With Advertising Week beginning in a matter of hours, Facebook today is unveiling an overhaul of its Page Insights product as well as a new ad unit called “Premium Ad Product.” And whether your brand’s Facebook posts inspire consumer engagement is about to become transparent for essentially all to see.
Among a slew of new Facebook Insights metrics sure to interest brand managers, “People Talking About This” is perhaps the most intriguing. It’s a raw number – not a percentage – that adds up various engagement types that a page post generates for a brand. The stat will include number of likes, number of Facebook user comments involving the brand, RVSPs, “@mentions” of a brand, Facebook Places check-ins, and photo-tags.
What’s more, it will publicly appear on all brand pages, just underneath the “Likes” count. David Baser, Facebook product manager for Page Insights, said marketers and consumers will begin looking at the “People Talking About This” the way they do the “Likes” tally.

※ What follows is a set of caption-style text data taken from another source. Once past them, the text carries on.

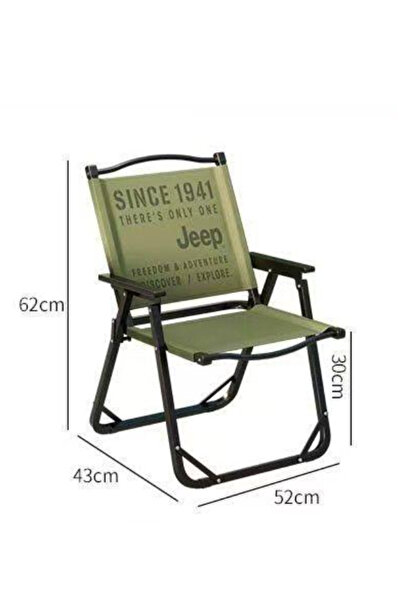 Jeep Original Folding Chair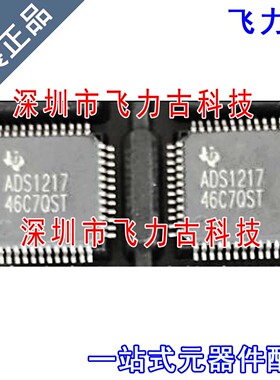 飞力古 ADS1217IPFBR ADS1217IPFBT ADS1217 TQFP48 转换器 芯片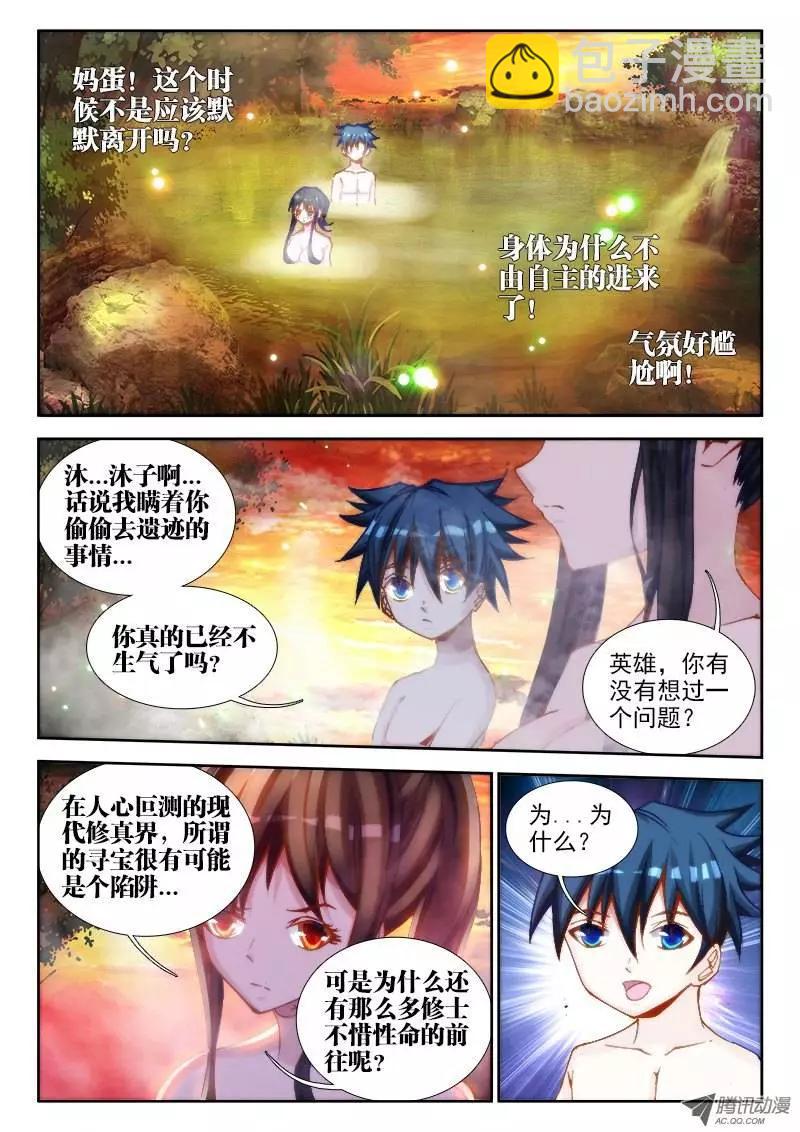 第63回 混浴温泉！2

He expects brands to keep an eye on each other with the engagement metric, perhaps even competitively. “Over time, marketers and consumers will have expectations (on what that number should look like for brands),” the product manager said. “A brand’s business objective will help define what the appropriate level is for their page.”
Baser and his colleague Ami Vora, Facebook product marketing manager, last week briefed ClickZ News about updates to the Page Insights product. To understand the changes, let’s start with what page metrics have been available to marketers: New Likes, Lifetime Likes, Monthly Active Users, Post Views, and Post Feedback.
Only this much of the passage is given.